-------- Task input

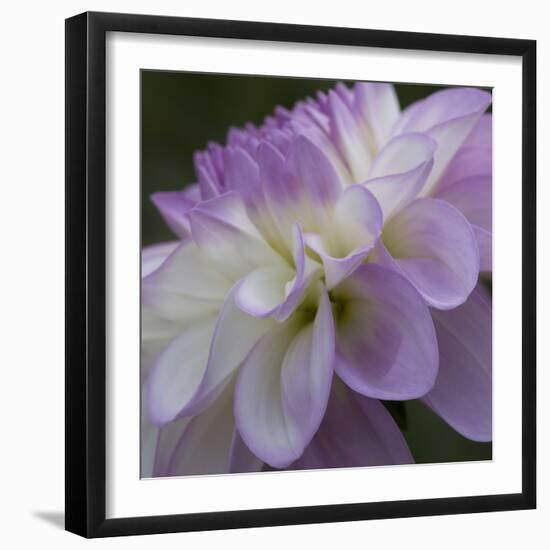 Lavender Dahlia IV-Rita Crane-Framed Photographic Print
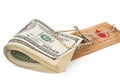 Mousetrap with hundred dollars bill. Royalty Free Stock Photo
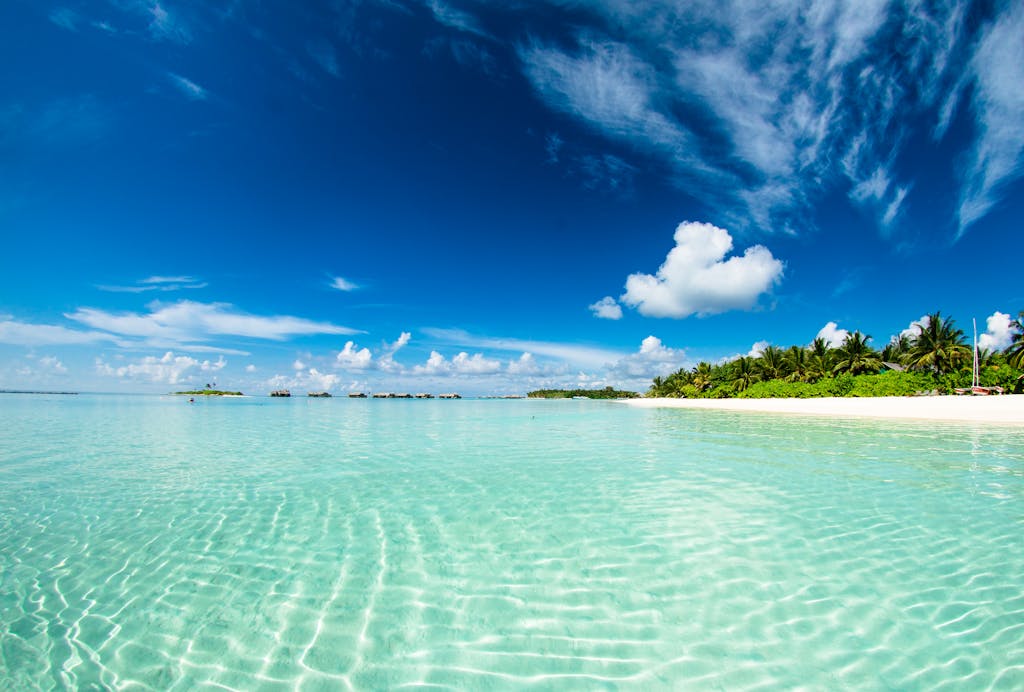 Stunning tropical beach scene in the Maldives with clear waters and blue sky, perfect for a paradise getaway.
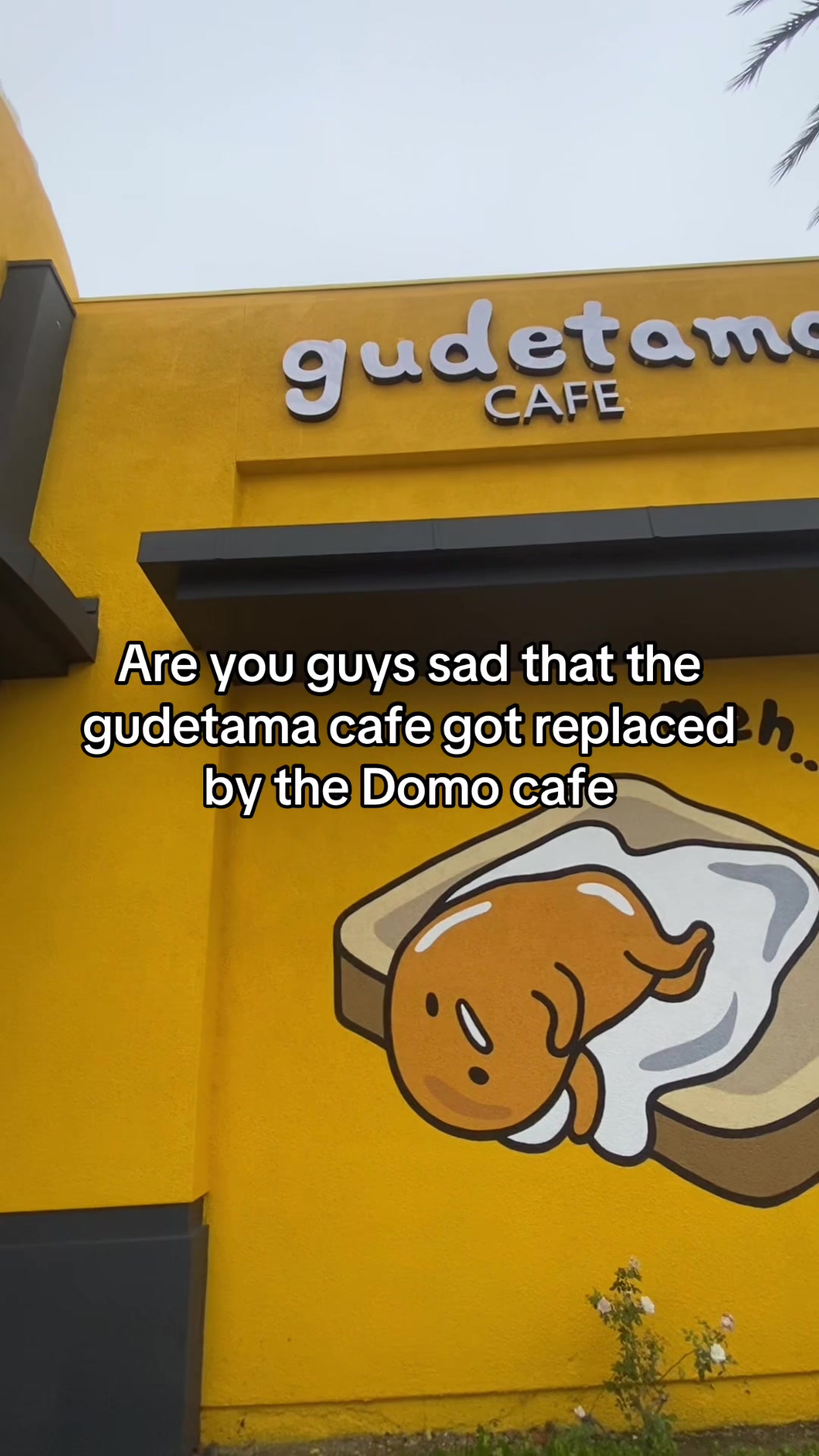 @Monster Mia
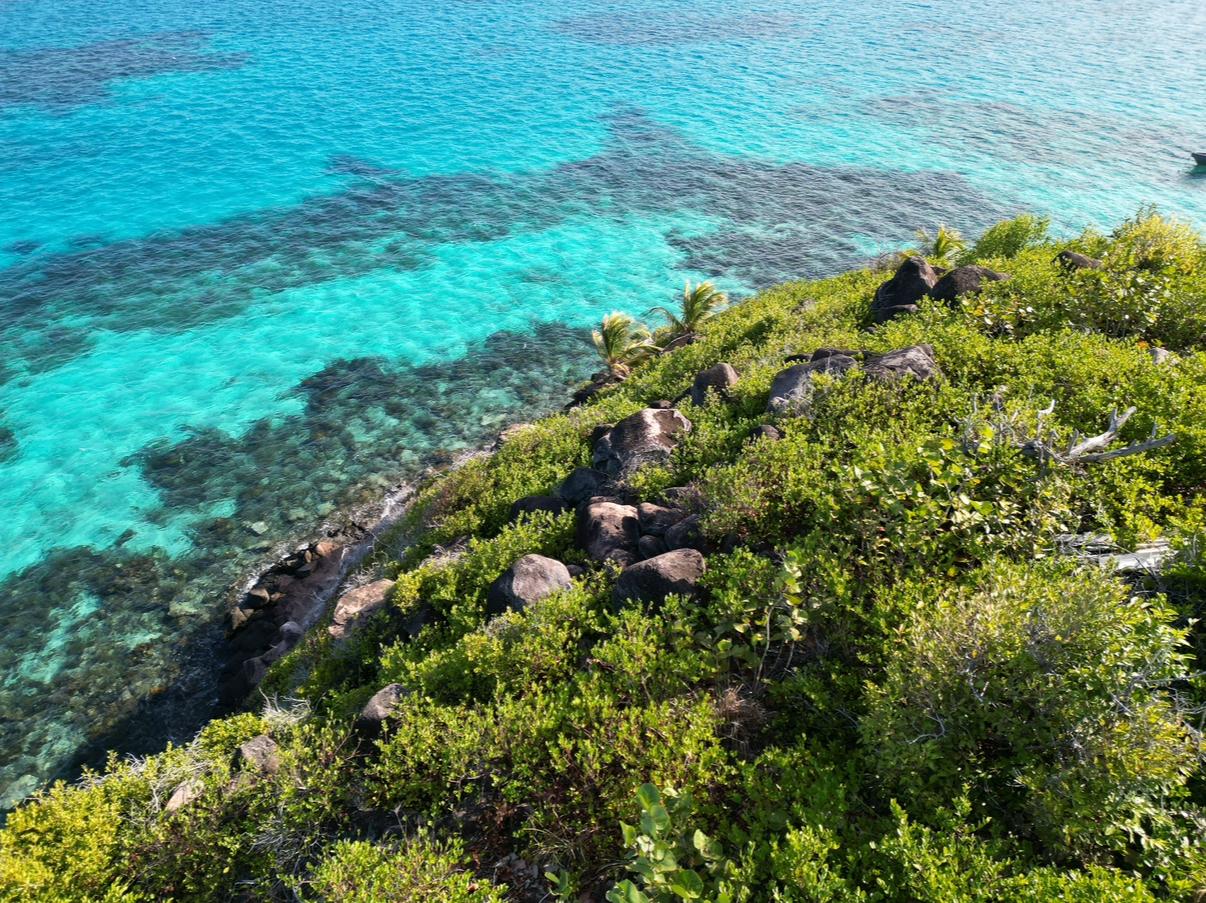 Snorkeling 2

----------------

Work task:
Give an exact copy of the line containing "Stunning tropical beach" and every line after it through the end of the entries. Pictures are to be dropped.

Answer for this exercise:
 Stunning tropical beach scene in the Maldives with clear waters and blue sky, perfect for a paradise getaway.
 @Monster Mia
 Snorkeling 2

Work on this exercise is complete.